L’opium du peuple

Chaque année, le service public audiovisuel offre sa saga de l’été à quelques millions de citoyens en demande de divertissements porteurs de savoir avec, si possible, un soupçon de croustillant en sus. Cette fois-ci, l’opus s’appelle Inquisitio et traite, comme son nom le laisse supposer, de la terrible Inquisition, occupation favorite des grands pontes de l’Église catholique pendant le Moyen Âge dont cette dernière n’est jamais complètement sortie, même après Vatican II.

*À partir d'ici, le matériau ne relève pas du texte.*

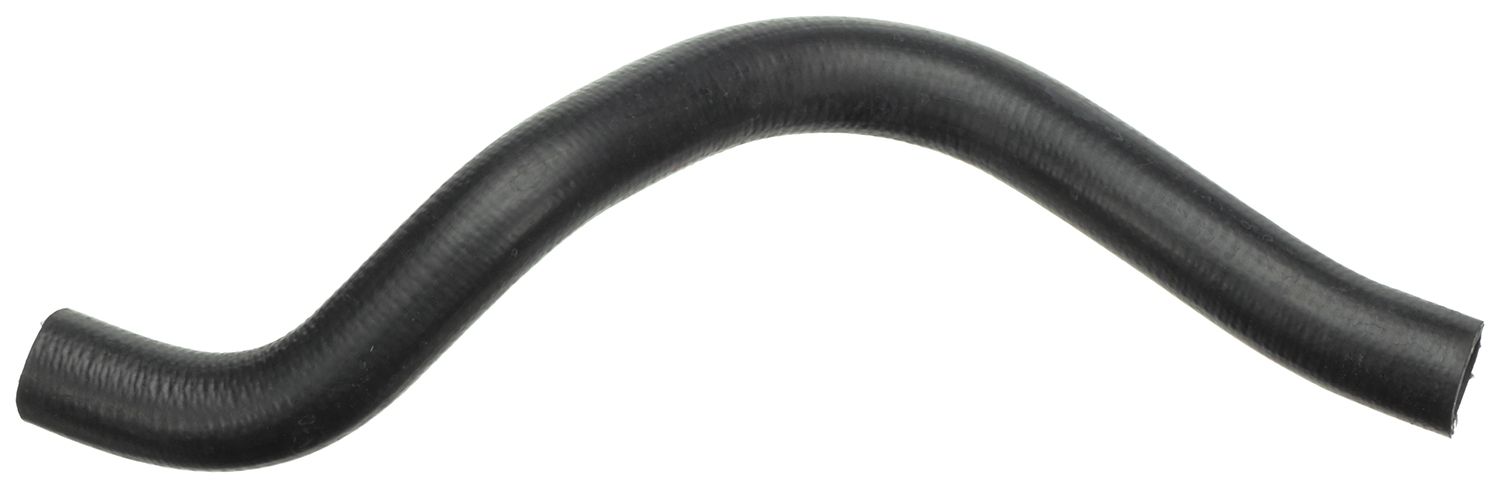 Radiator Hose-main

Le Moyen Âge, c’est, grosso modo, la période qui s’étale entre Vercingétorix et la Révolution Française. Pendant ces quelques siècles, l’Église a tenu d’une main de fer toute une population dans les ténèbres de l’ignorance et la crainte de l’enfer. En ce temps où l’on craignait l’hérésie comme la peste, on vantait la foi que professait le charbonnier : faite de crédulité et de fidéisme – il conviendra de se demander, à propos, si cela n’est pas inscrit dans les gènes de la lex credendi romaine – elle s’accommodait assez mal des hardiesses doctrinales sur lesquelles des novateurs tels Jacques Gaillot ou Alain de La Morandais sauront bâtir leur notoriété. Le climat n’encourageait guère à la recherche scientifique et contraignait les Galilée, Nostradamus et autres alchimistes à s’user les yeux à parcourir leurs grimoires dans la pénombre d’une cave du Quartier Latin.

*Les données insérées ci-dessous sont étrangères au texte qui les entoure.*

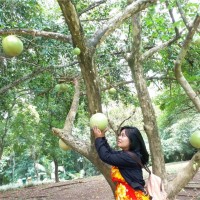 Kartika Ayu Ningtias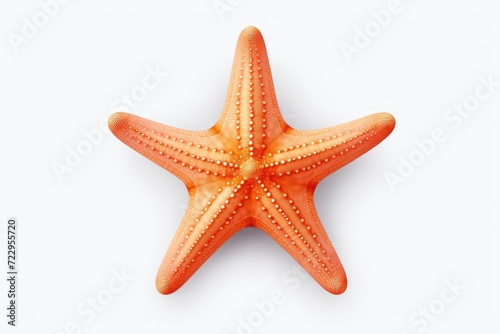 A starfish is displayed on a clean white surface. Versatile for various uses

Le syncrétisme n’étant pas de mise à cette époque, l’Arien, le Cathare et le Parpaillot avaient tout intérêt à louer leur dieu in petto, à moins qu’il n’eussent voulu rejoindre le long cortège des sorcières destinées à rôtir sur un bûcher devant les faciès grimaçants d’une plèbe avide de réjouissances morbides. Quant au clergé, plus prévaricateur que jamais, il était mû bien moins par des considération spirituelles que par un appétit prononcé pour le lucre, le stupre, les mets délicats et les belles étoffes. Le culte divin baignait dans un rubricisme étroit que certains catholiques plus récents ont heureusement détrôné en incorporant guitares électriques et djembés aux célébrations eucharistiques.

Vous l’aurez compris : chrétienté rimait avec obscurantisme et terreur. L’excommunication ferendæ sententiæ, l’anathème ou l’écartèlement étaient monnaie courante et tenaient lieu d’épée de Damoclès propice à obtenir une soumission aveugle des ouailles à des prélats experts en casuistique. Le pèlerinage à Canossa n’avait rien d’une partie de plaisir, même en auto-stop.

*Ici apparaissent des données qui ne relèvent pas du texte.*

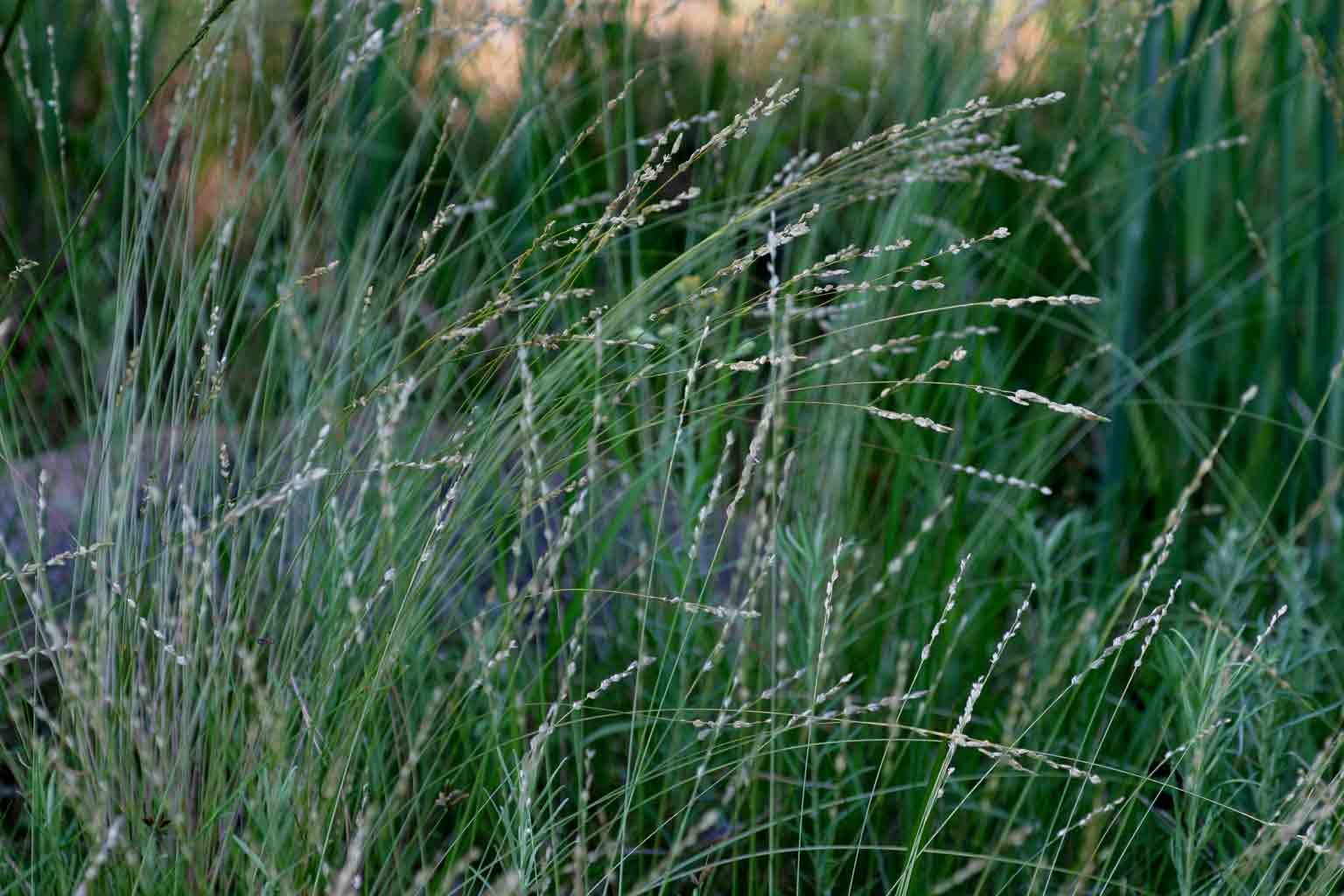 Eragrostis capensis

Enseigner, c’est rabâcher ; aussi, apprécions à sa juste valeur cette entreprise télévisuelle qui vient nous rappeler tous les maux causés par cette sinistre institution endoctrinant et manipulant les esprits simples, et se servant des pouvoirs temporels les moins démocratiques comme d’un bras séculier prompt à appliquer la justice divine dans toute sa rigueur. Le réalisateur d’Inquisitio nous replonge dans ces heures sombres pendant lesquelles le Souverain Pontife et ses sbires traquaient impitoyablement ceux qui violaient le catholiquement correct. Trop rares sont les programmes télé de qualité – songeons à l’excellent Les oiseaux se cachent pour mourir – qui nous permettent d’apprendre réellement ce qui se trame dans les arcanes du Vatican ou de ses succursales à travers le monde. Nul doute que cette série palpitante saura divertir les familles réunies devant le petit écran tout en les invitant à réfléchir aux méfaits de la théologie dogmatique.

Il n’a évidemment pas fallu longtemps pour voir poindre les hordes de catholiques grincheux venant se répandre en critiques oiseuses dans divers médias, à l’encontre de ce feuilleton, sous prétexte que les auteurs auraient pris certaines libertés avec la vérité historique. Mais, comme le disait le célèbre Ponce Pilate : « Quid est veritas ? »…

Sinon, je voulais ajouter un truc, mais j’ai oublié quoi.